Ma stanowczo mówić, żeby Polska nie przyjmowała emigrantów? Przecież to absurd.
Ma powiedzieć, że nie ma mowy o przyjmowaniu imigrantów ekonomicznych, i że przede wszystkim mamy pomagać tym, którzy są zagrożeni i pomagać im jak najbliżej ich miejsc zamieszkania. Liczę na to, że Donald Tusk, wykorzystując autorytet swojej funkcji, powie głośno, że pomysły finansowych kar za nieprzyjmowanie imigrantów szkodzą wspólnej polityce europejskiej.

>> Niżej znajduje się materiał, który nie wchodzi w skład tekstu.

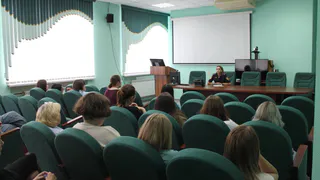 Челябинская полиция учит горожан распознавать аферистов и защищать свои сбережения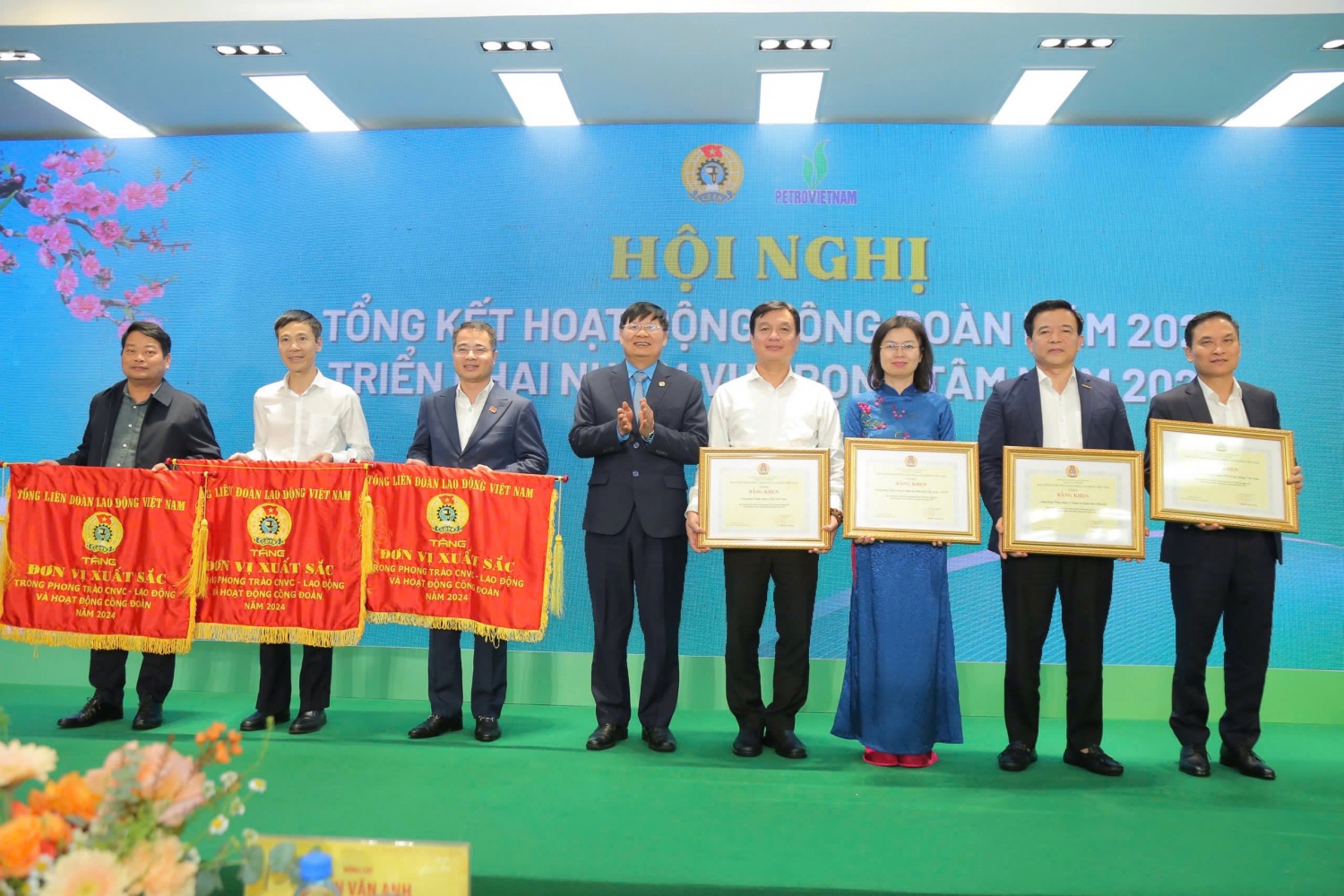 undefined CĐ DKVN đóng góp tích cực vào thành tựu chung của Petrovietnam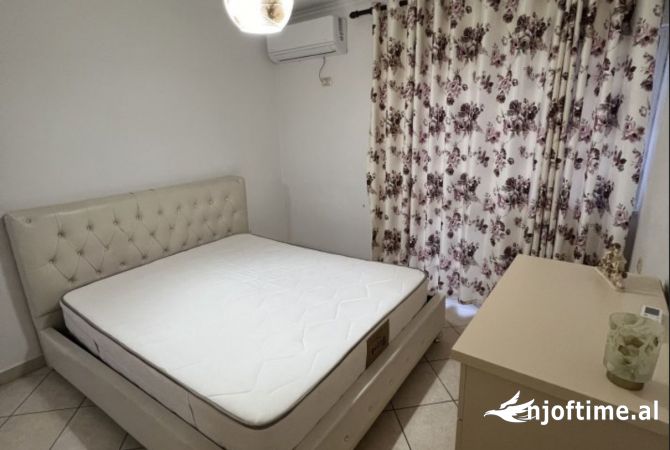 Shtepi me qera 2+1 ne Tirane - 680 Euro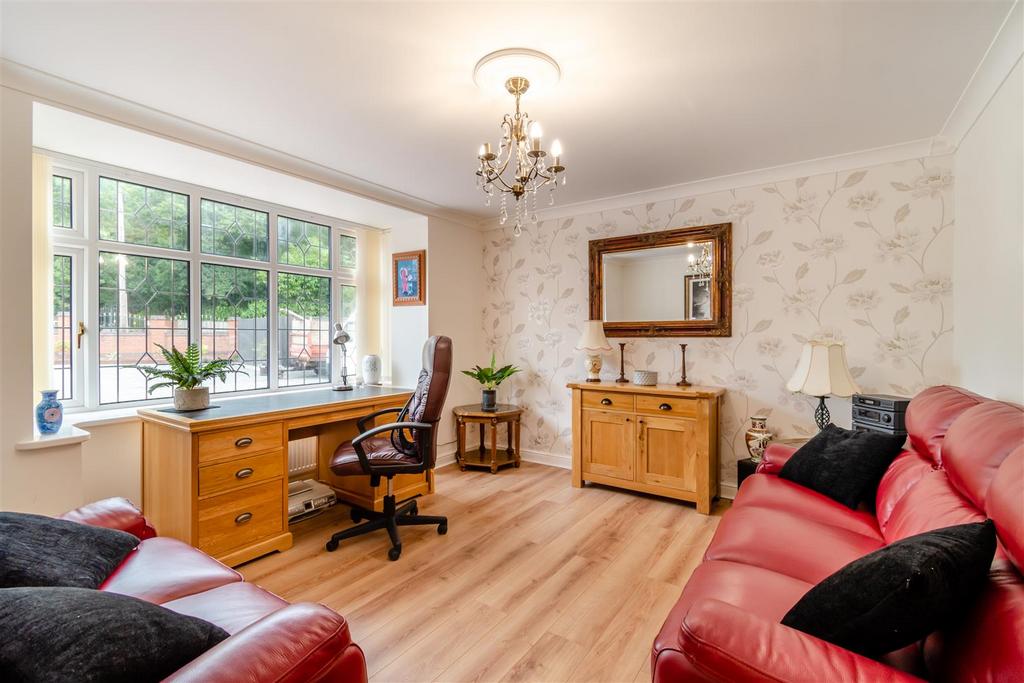 8607986-interior01.jpg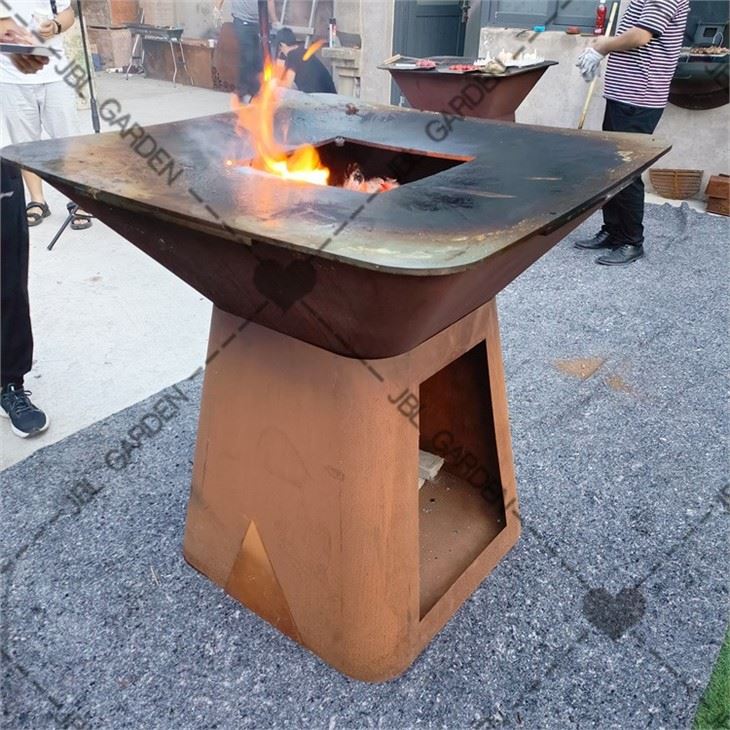 Outdoor Metal Grill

I liczę na to, że będzie mocno oponować wtedy, kiedy różni politycy, a zwłaszcza niemieccy, będą wypowiadać się szkodliwie na temat Polski.

Ale czy to nie jest sygnał, że PiS woli mieć Donalda Tuska dalej niż bliżej?
Myślę, że Donald Tusk doskonale wie, że do Polski nie ma po co specjalnie wracać. Platforma Obywatelska jest dzisiaj zdominowana przez Grzegorza Schetynę, którego Donald Tusk wielokrotnie czołgał i skazywał na polityczną banicję. Teraz mamy do czynienia z odwróceniem ról. I gdyby Donald Tusk przyjechał do Polski, to chyba nie znalazłby miejsca w szeregach swojej partii.

Czytaj również: Tarcia w PiS na Pomorzu dotknęły młodzieżówkę


Dla wielu polityków Platformy Donald Tusk nadal jest takim mężem opatrznościowym, który mógłby poprowadzić ich, jeśliby chciał, do zwycięstwa.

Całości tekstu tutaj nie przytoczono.